11 N.Y.C.R.R. § 2.5 clearly identifies which officials and employees of the Insurance Department may give written opinions. This regulation specifically limits those individuals to “[t]he superintendent, all deputy superintendents, the department counsel and bureau heads[.]” Moreover, 11 N.Y.C.R.R. § 2.5(e) advises that opinions issued by the Insurance Department “should not be broader than the scope of the powers and duties of the official or employee giving [*6]the same.” Mr. Smeragliuolo, is an Associate Insurance Examiner; he is not an official or employee who is empowered to issue an opinion on behalf of the Insurance Department. Additionally, as will be discussed at length hereinafter, the Insurance Department does not have any authorization to approve the use a modified N-F 10 “for all No-Fault denials of benefits on or after February 1, 1992.” (Smeragliuolo Letter 2/3/92, ¶ 2)

Even if Mr. Smeragliuolo’s opinion was considered to be approval of the Defendant’s proposed N-F 10, the N-F 10 which the Defendant served upon the Plaintiff was not the same as the one allegedly approved. Moreover, the Defendant has not submitted any proof that it obtained approval for the N-F 10 form it used, following the revision of Insurance Department Regulation 68.

Insurance Department Regulation 68, implementing the no-fault law, was first promulgated in 1974. These regulations were repealed on September 1, 2001 and a revised Regulation 68 was issued at that time. Implementation of the new Regulations was stayed on August 31, 2001; and, the old Regulations remained in effect until April 5, 1992, when the stay on implementation of the new Regulations was lifted and they became effective. See: In re Medical Society of the State of New York v. Serio, 298 AD2d 255, 749 NYS2d 227 (1st Dept. 2002), aff’d 100 NY2d 854, 800 NE2d 728, 768 NYS2d 423 (2003)

At the time the Defendant sought approval of its modified N-F 10 form, the old Regulations were in effect. The N-F 10 in the matter before this court was issued more than thirteen (13) years later. The new Regulations had been in effect for approximately three (3) years; and, the prescribed form itself had been changed by the Insurance Department at least twice, once in March 2002 and again in January 2004. In fact, at the time of the March 2002 amendment of the prescribed form, Appendix 13 of the new Regulations explicitly provided, “Other than NYS form NF-AOB, no deviations may be made to the prescribed forms unless expressly acknowledged by the Department. … Insurers may continue to use currently existing stocks of prescribed No-Fault forms until May 1, 2003 at which time the revised prescribed forms must be utilized.” Despite these changes to the prescribed form, and the clear mandate that the new prescribed forms must be used, unless proper approval is given for their modification, the Defendant continued to use the modified N-F 10 it created in 1992. The Defendant’s suggestion, during oral argument on this motion, that it took it upon itself to further modify its N-F 10 form in an attempt to keep up with the amendments to the Regulations and the prescribed form, while continuing the alterations it began in 1992, is unavailing.

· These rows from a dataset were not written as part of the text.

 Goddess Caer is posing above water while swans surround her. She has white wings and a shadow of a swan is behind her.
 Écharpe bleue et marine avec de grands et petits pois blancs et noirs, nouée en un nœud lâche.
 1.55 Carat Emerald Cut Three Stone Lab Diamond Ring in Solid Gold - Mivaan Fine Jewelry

It is undisputed that the N-F 10 issued by the Defendant in this matter was neither on the prescribed form, as it existed in 2005, nor on the form allegedly approved by the Insurance Department in 1992. Neither the old Regulations nor the new Regulations permit an insurer to adjust or amend its forms of its own accord. Both the old and new Insurance Department Regulations only allow for the modification of an N-F 10 upon approval of the Insurance Department. See: 11 N.Y.C.R.R. § 65-3.4(c)(11); 11 N.Y.C.R.R. § 65-3.8(c)(1); and former 11 N.Y.C.R.R. § 65.15(c)(3)(x);11 N.Y.C.R.R. § 65.15(g)(3)(c); See also: New York University Hospital Rusk Institute v. Hartford Accident & Indemnity, 32 AD3d 458, 820 NYS2d 309 (2nd Dept. 2006) Even if the Defendant had received approval for the form it submitted to the Insurance Department in 1992, the evidence submitted at this time demonstrates that the N-F 10 used by the Defendant herein was neither on the allegedly approved form nor on a form which had ever been submitted to the Insurance Department for approval. [*7]

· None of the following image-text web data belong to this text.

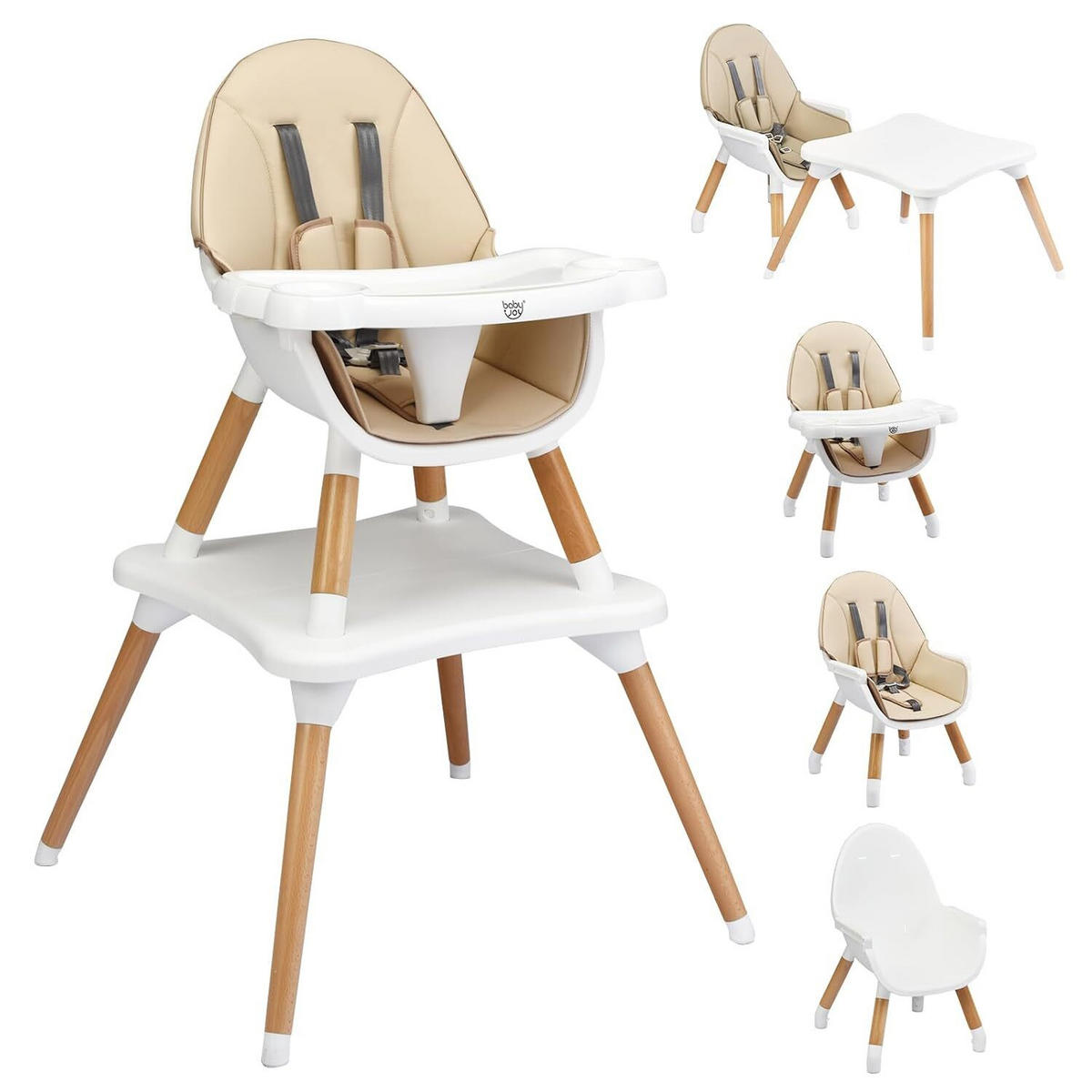 BABYHOCHSTUHL Khaki - Braun, Kunststoff (62/100/62cm) - COSTWAY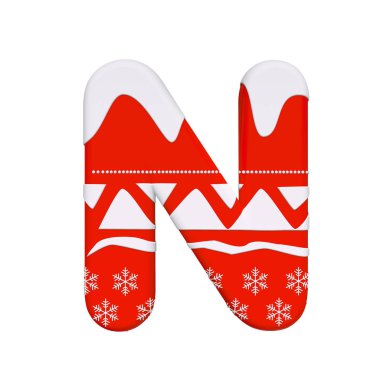 Noel harf N - sermaye 3d xmas yazı tipi beyaz arka plan üzerinde izole. Bu alfabe ile ilgili ancak bunlarla sınırlı olmamak Noel, yeni yıl, Noel Baba için yaratıcı resimler için idealdir...
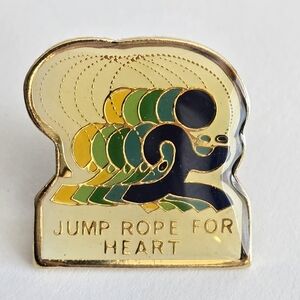 Vintage Jump Rope for Heart lapel pin enamel brooch jumprope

The above notwithstanding, whether the Defendant obtained approval for the N-F 10 form it served upon the Plaintiff or not, it appears that the Defendant improperly used that form in an effort to effectuate a complete denial of the Plaintiff’s claims in this matter. The Defendant’s use of this form to deny the Plaintiff’s claims violated the Insurance Department Regulations as they existed in1992 and as they existed at the time the Defendant’s N-F 10 was issued.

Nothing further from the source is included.